• NIEPCEBOOK #07 / 5.

    NIEPCEBOOK #07 / 5.

    Prendre des images ainsi, à proximité immédiate de ceux qui réfutent toute image, est en soi un exercice de l’entre deux. Pas le temps de faire accepter la prise de vue, la proximité est fugace en ces nuits de fuite où les déplacements se font en silence entre la gare des Ardoines et le camp, lieu de refuge en tant que tel qui, même si les conditions de vie se rapprochent bien plus de la survie subie, représente pour autant un lieu protégé de l’entre soi. Les prises de vue se font à la volée, dans le mouvement de la marche de l’Autre sous des lumières tout autant réduites qu’aléatoires. La photographie se vit ici pleinement et traduit ces instants d’équilibre précaire en intimité non partagée, je ne peux prendre à distance, c’en est ainsi. J’ai besoin de sentir l’Autre, de ressentir l’excitation de cette volonté de transmettre une réalité. L’image est fixée. De toute façon, elle a aussitôt disparu, elle ne reviendra plus. Vitry sur Seine, septembre 2017, la nuit a repris ses droits couvrant ces va et vient incessants et discrets.

  • NIEPCEBOOK #07 / 4.

    NIEPCEBOOK #07 / 4.

    La série des Identités sur la confrontation entre le camp de roms et le chantier de la gare des Ardoines a été l’occasion de prises de vues nocturnes. Mes photographies ont besoin de proximité, un 25 mm impose de réduire les distances. Les prises de vue de l’Autre qui réfute l’image expriment cette vie en passage. Toutes générations confondues, les mouvements de personnes du camp sont incessants, de nuit et de jour. La dureté de la situation m’a alors amené à préserver la couleur pour ancrer les images dans cette réalité du quotidien. Image ici inédite, ouvrez les yeux, d’autres suivront d’ici la parution du NIEPCEBOOK #07. Retrouvez-le sur www.corridorelephant.com/niepcebook jusqu’au 7 février 2018 avec 10 photographes, Chrystel Caparros, Antonio Domingues, Guillaume Lavit d’Hautefort, Emma Arbogast, Nicolas Beaumont, Pauline Sauveur, Baptiste Gamby, YmY Nigris, Alban Lecuyer et moi-même!

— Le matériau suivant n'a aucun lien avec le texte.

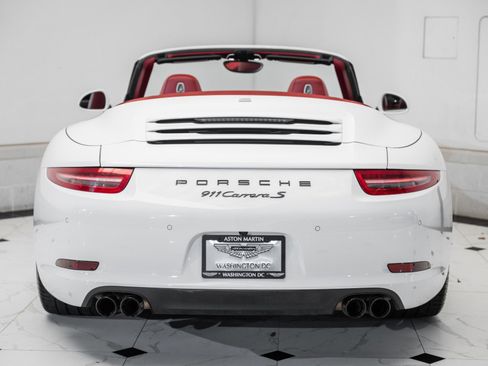 Used 2016 Porsche 911 Carrera S image 8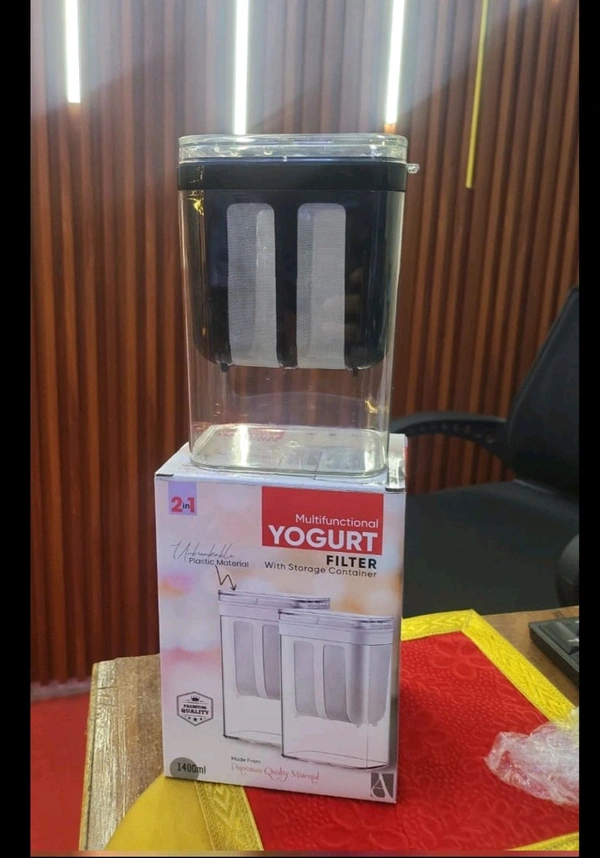 Yoghurt  Strainer 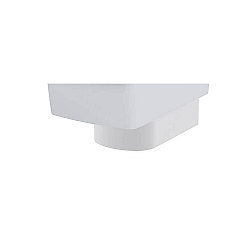 TOTO White Cover For SG Wall-Mounted Pan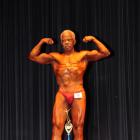 Mel  Johnson - NPC Atlanta 2012 - #1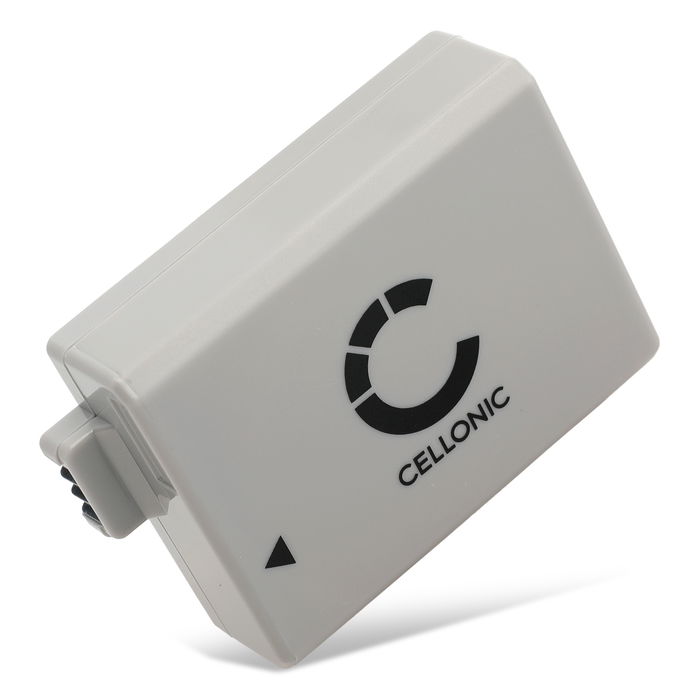 Canon EOS 1000D Batteria marcata CELLONIC, 1020mAh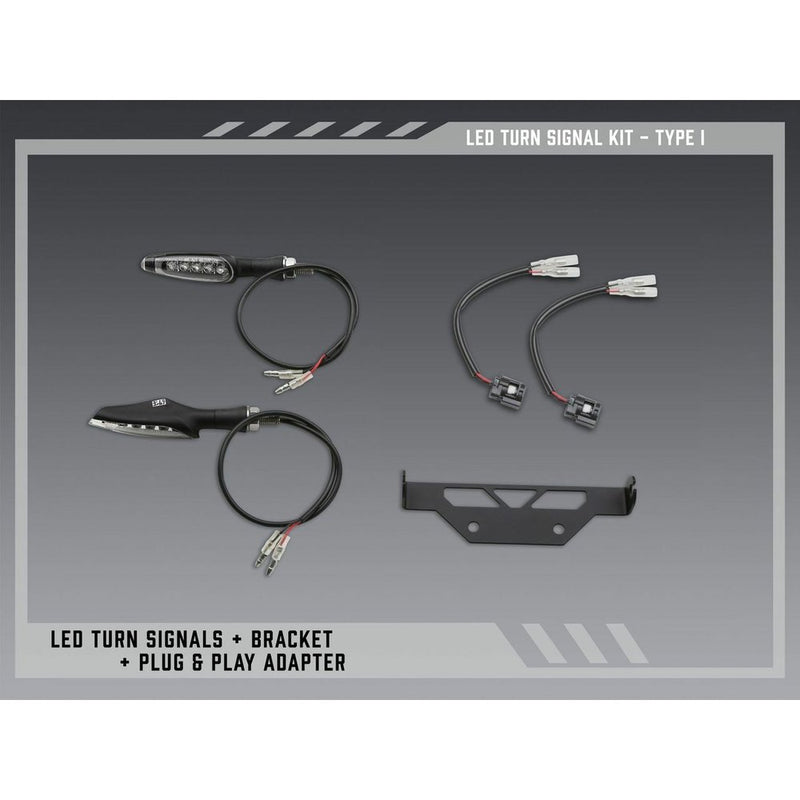 Yoshimura Fe V2 Stnd Led Turn Sig Kit I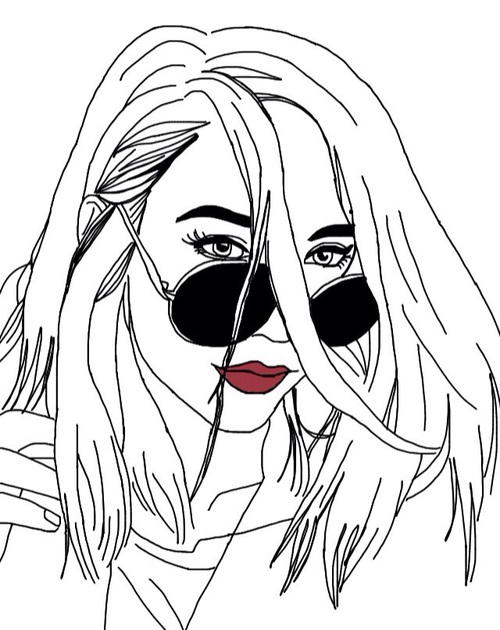 500x630 Image About Girl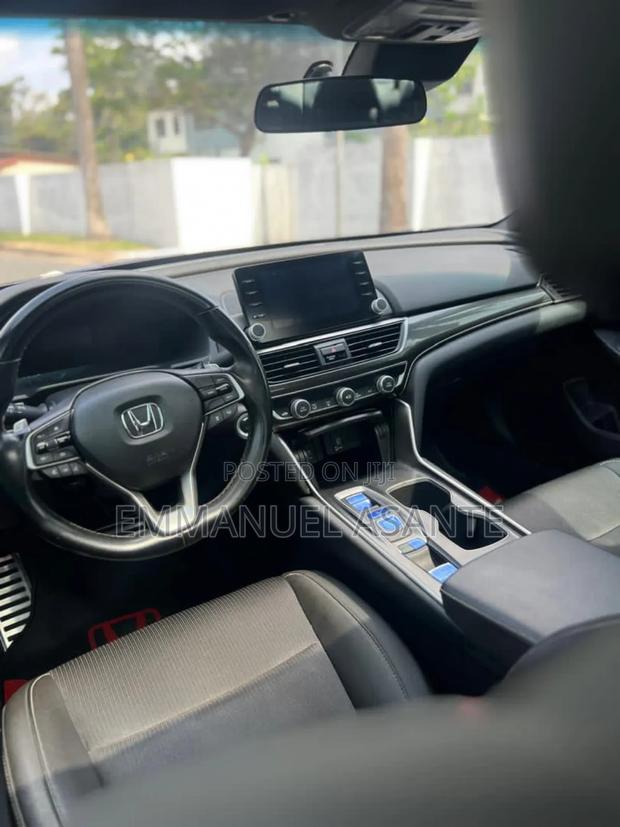 Honda Accord Sport 2.0T 2020 Blue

  • Irving Penn, Grand Palais / 2.

    Irving Penn, Grand Palais / 2.

    Sans aucun doute possible, la capacité d’irving Penn à extraire l’humanité de l’Autre ne laisse pas indifférente. La mise en image se fait tant au travers du portrait que du corps, dépouillés de tout surplus inutile. C’est bien à l’intérieur de son sujet qu’irving Penn va chercher. La toile immuable de ce fond gris, même s’il capte avec adresse la lumière, transfère toute l’attention sur le sujet. Il ne vous reste qu’un nombre de jours restreint pour éclairer vos yeux au Grand Palais. De tôt matin, jusqu’au 29 janvier 2018. Sans faute, c’est évident, il vous faudra provoquer une proximité intime aux tirages pour en profiter pleinement. A vos yeux.

  • Irving Penn, Grand Palais / 1.

    Irving Penn, Grand Palais / 1.

    Encore une exposition médiatisée qui va attirer curieux et touristes en masse, l’envie était donc limitée de se confronter à de telles conditions de visite. Et pourtant, les images présentées sont époustouflantes tant dans la récurrence de qualité qu’à l’unité pour certaines d’entre elles. Vraiment. Tirages sublimes dans de petits formats, petits en regard d’expositions actuelles où l’on peut être impressionné par la taille immense d’une photographie venant camoufler un intérêt limité, il en est ici autrement. Séries de portraits où Penn arrive par un miracle d’une grande rareté, ce particulièrement dans ses premiers travaux, à mettre en situation de défaut celui ou celle qu’il photographie, l’obligeant à se dévoiler et par là même à capter son intimité. Des séries très plastiques sur les corps où il joue sur les formes rebondies des modèles, là aussi, il réussit à surprendre. Il faut donc se presser pour voir cette exposition, à l’aube sans faute pour éviter les hordes de regardeurs. Ouvrez les yeux bien grands, les pupilles vont vibrer très régulièrement. Sans tarder, vous avez jusqu’au 29 janvier 2018.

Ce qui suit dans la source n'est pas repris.